Tuesday, December 28, 2010

Culturomics: Not Quite Yet

Well, it’s time to stick my oar in on the Google Ngrams discussion. While a number of computational linguistics scholars have pointed out the pitfalls of Google’s latest toy, I think I have a unique perspective to offer on the issue. I understand what the Ngrams creators were trying to do, because I’m trying to exactly the same thing: get some things cooking. My research on contemporary literary reception is not exhaustive or dependent on highly complex statistical models. That’s because literary reception is a huge, multiply mediated field ranging from cafĂ© conversations to book reviews, and my access to data is limited. But where I have adopted a “core sample” model, choosing a few accessible data sources to make some robust but limited generalizations about readers and reading culture, Google has gone for the moon shot. By creating an opaque front-end to their 5 million book archive, they offer the illusion of a truly global Ngram search—and they emphasize the scale of their ambition by claiming their tool isn’t merely a corpus search mechanism but the portal to a new science of “culturomics.”

As my colleague Matthew Jockers noted in his own oar-insertion post, “To call these charts representations of ‘culture’ is, I think, a dangerous move.” He goes on to suggest it “may be,” but I have to go a bit farther and say “definitely not.” Here’s the problem: we can’t get reasonable, arguable claims about things like culture or literary history unless the limitations of the corpus are acknowledged and dealt with from the outset. Typically, projects like this limit themselves either by going too small or too big, and Google has gone way big. Let me explain what I mean.

Too Small:

The opposite example would be a research project on a small, meticulously tended patch of texts. Classic humanities research, really, but of limited usefulness for making grounded claims about larger literary-historical or cultural issues (at least until enough such small projects emerge with commensurable results that we can begin to construct some causal chains). Traditional humanities as a whole is full of projects that are “too small” for making broad cultural claims because they are limited to a small data footprint. The walled garden of closely tended results is fascinating and lovely to explore, but it’s difficult or impossible to compare the work to anything outside.

Too big:

Google, by contrast, flies off the macro end of the scale by trying to do too much and claim too much. The corpus is amazing, but nevertheless limited and contingent in many ways. As others have pointed out, the OCR is problematic; the metadata is sloppy; the text distribution almost certainly has a number of biases (how could it not? What is the gender, historical and language distribution of the world’s universal library supposed to be anyway?). By choosing to obscure these limitations instead of illuminating them, Google turns “culturomics” into a toy, not a tool.

Fortunately, the data is all there, and these problems can be fixed. Google loves a good algorithm and will presumably figure out solutions to the various technical problems. With luck (and the persistence of its academic research partners) the Ngrams team will also come to acknowledge and reveal the limitations on its data. Once that happens, we can really get cooking and make a clear case for when this vast corpus really does reveal broad cultural trends.

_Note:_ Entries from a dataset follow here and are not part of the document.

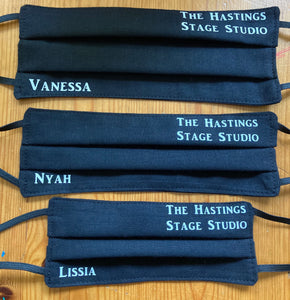 The Hastings Stage Studio Face Coverings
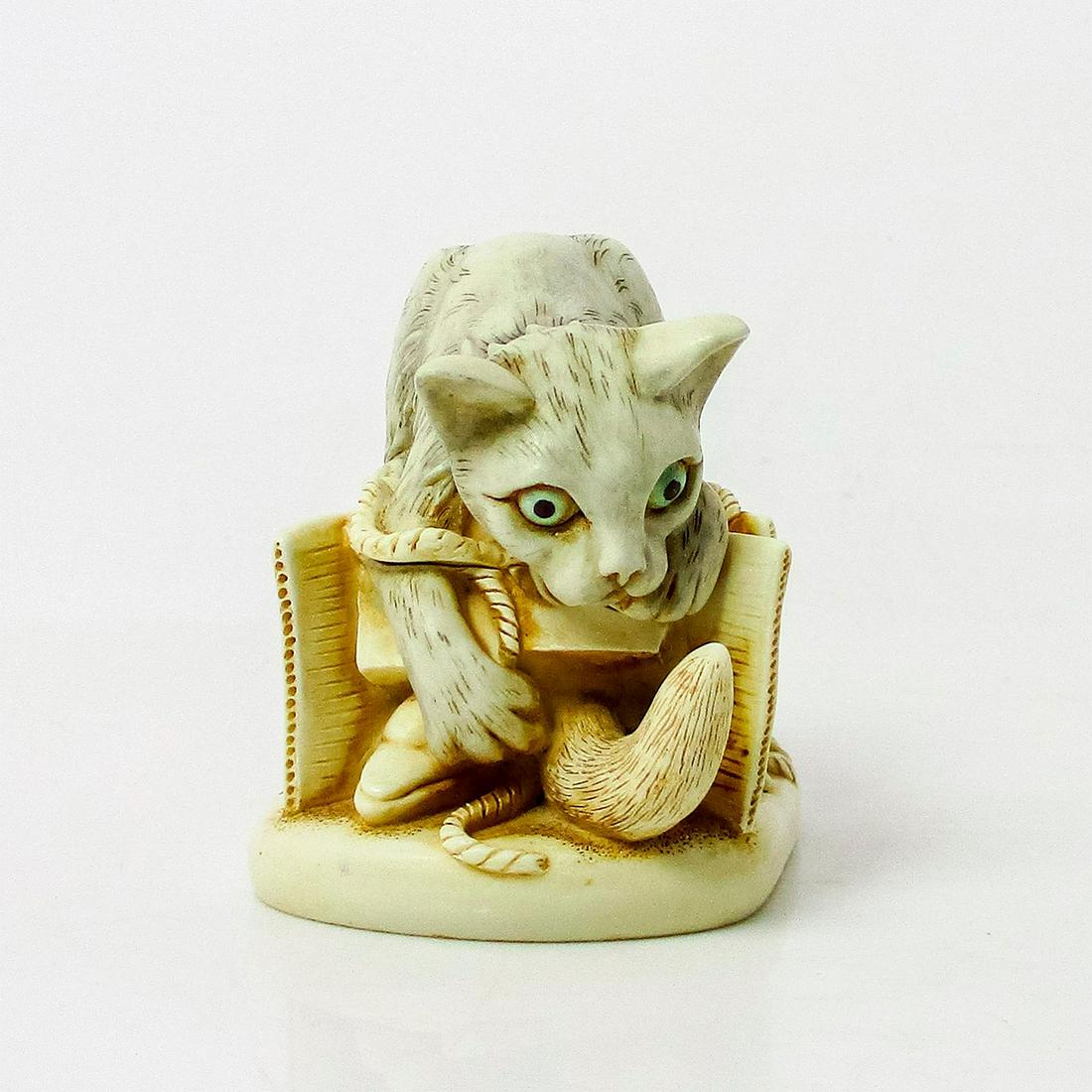Harmony Kingdom Trinket Box, Tony's Tabbies II (1 of 6)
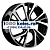 LS Forged 8x19/5x112 ET38 D66,6 LS FG22 BKF (конус, C570)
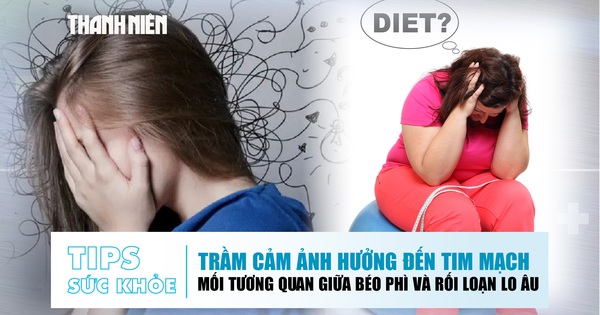 Bản tin sức khỏe 30.12: Trầm cảm ảnh hưởng đến tim mạch | Mối tương quan giữa béo phì và rối loạn lo âu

For now, Ngrams is a blunt object but it still has some value as a tool. I’ll post some examples next time.

Friday, December 10, 2010

Stanford Dissertation Browser

While I've had the dissertation specter floating before me for several years now, it has never looked so beautiful. Created by two Stanford graduate students in Computer Science, the Stanford Dissertation Browser uses topic modeling to graph recent dissertations by their disciplinary affiliation. The visualization was created with Flare, successor to Prefuse, which I was using for my own visualizations for a while (this being Stanford, the guy who created all of these visualization tools, Jeffrey Heer, is advising the project).

I'm looking forward to adding my dissertation to the mix next June. I wonder where it will line up?

Friday, October 15, 2010

Map Marathon

I received an email about a wonderful new exhibit/collaboration "Map Marathon" organized by the Serpentine Gallery in London and those intrepid thinkers at Edge. The whole online gallery is fascinating, but what really caught my fancy was this image, apparently submitted by Bruce Sterling. It's a map of writers who are associated with Sterling, and therefor it has a lot in common with my research.

After some investigation it looks like the map was generated with Gnod, or Gnooks to be exact: "a self-adapting community system based on the gnod engine." I'm intrigued--it seems like the site's connections are based on user input to its adaptive learning system. I'd love to compare these networks to my own data.

Thursday, October 14, 2010

Things are Cooking at First Person

I’m happy to share news of some exciting developments on the First Person thread over at the electronic book review.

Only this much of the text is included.